A few more quesitons:
Can I use a single 2x8 for the middle runner instead of doubling up? I put two in the model to avoid nail interference from individual joist hangers on each side but I found a one peice hanger that sits on the main runner and has hangers on each side for the laterals.
Are 2x8s sufficient for the runners based on the additional blocks or do I need to beef them up to 2x10 or 2x12?
Are 2x6's sufficient for the laterals as long as I add the cross braces?


----------



## joecaption (Nov 30, 2011)

GeauxCajuns82 said:


> Thanks. I will definitely add another row of blocks to bring the spacing on the runners down from 8' to 5'-4" as well as add a row of crossbracing to each set of 2x6s. Skirting is a given as the wildlife down here tend to be quite numerous especially during the summer months.
> 
> 
> A few more quesitons:
> ...


For a shed that size what you first suggested if the bare minumum.
Always better to go a size bigger then what you think you need.
Alway double up that center beam. 
(There called joist not laterals.)
Under built it and the floor will bounce and sag and the doors will never stay plumb or level.


----------



## hand drive (Apr 21, 2012)

you need to double up both bands where the joists land ( front and back) just like the middle is doubled up. use 2x8's for the doubled bands and girder and 2x6 6' 12" center might not have bounce in it but if that is a concern use 2x8 throughout. if using 2x6 consider 10 1/2" blocks placed mid span of the 6' span between all joists. moisture from the ground underneath will need to be addressed also as the building looks low to the ground. maybe plan the entire floor system being treated (plywood,joists) and put together with acq approved fasteners or if you figure out the moisture issue use advantech 3/4" tongue and groove for the floor, that will be the strongest floor available.


----------



## joecaption (Nov 30, 2011)

I have not used plywood for subfloors once since Advantec came out.
Far more stable and moisture resistant..


----------



## GBrackins (Apr 26, 2012)

GeauxCajuns82 said:


> A few more quesitons:
> 
> Can I use a single 2x8 for the middle runner instead of doubling up? I put two in the model to avoid nail interference from individual joist hangers on each side but I found a one peice hanger that sits on the main runner and has hangers on each side for the laterals.
> Are 2x8s sufficient for the runners based on the additional blocks or do I need to beef them up to 2x10 or 2x12?
> Are 2x6's sufficient for the laterals as long as I add the cross braces?

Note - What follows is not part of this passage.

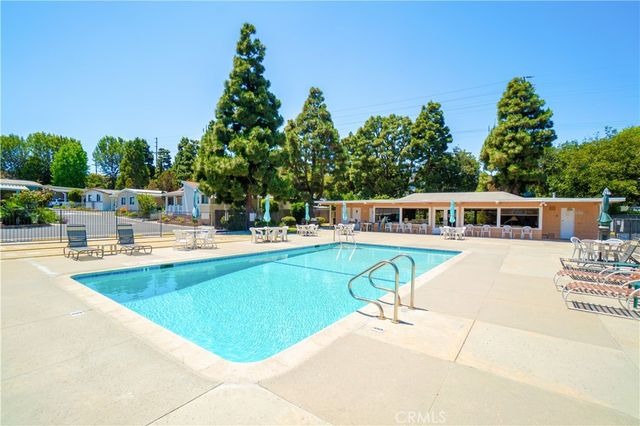 26200 Frampton 32, Harbor City, CA 90710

your questions all depend on the load you'll be applying to floor framing system. My answers are based upon a live load of 50 pounds per square foot and a dead load of 10 pounds per square foot. For reference your living room should be designed for 40 pounds per square foot live load. I do not know what you'll be putting in your shed so I'd rather go heavy than light.


If your loading would be greater than 50 psf then these member sizes would not apply.

My answers are also based upon the current physical properties of preservative treated southern pine #2 solid sawn lumber.

#1 - at minimum the center beam should be (2)2x12.

#2 - by runners I'm not sure if you mean floor joists or outer perimeter beams.

#3 - laterals, I'm not sure what those are

floor joists should be a minimum 2x6 at 16" o.c., I'd recommend 2x8 at 16" o.c. for a stronger floor. The deeper the joists the less bounce in the floor.

outer beam should be a minimum 2x12, but I'd double that to make it easier to attach your walls to the floor framing below.

Hand Drive is correct about using preservative treated flooring and framing member since you'll be less than 18" from the ground. Moisture will have bad effects on framing. As joe and drive said Avantec is a good product.

with all that said I'm a fan of having a concrete slab with a row of concrete block laid on the slab and then building my walls on top of the block. Stronger floor with less issues, keeps the wood in walls above the ground so less moisture issues.


----------



## Oso954 (Jun 23, 2012)

What do you mean with "on concrete pillars" ?

The sketch looks like precast piers. Are you setting those on grade ? Or, are you pouring concrete in ground and setting the precasts on top ?


----------



## jagans (Oct 21, 2012)

A couple of considerations. 

1. I would use sonotube and pour the pillars right to level with each other, and embed your tie downs right in the pillars. Im sure you dont need to go down too far since you are in LA.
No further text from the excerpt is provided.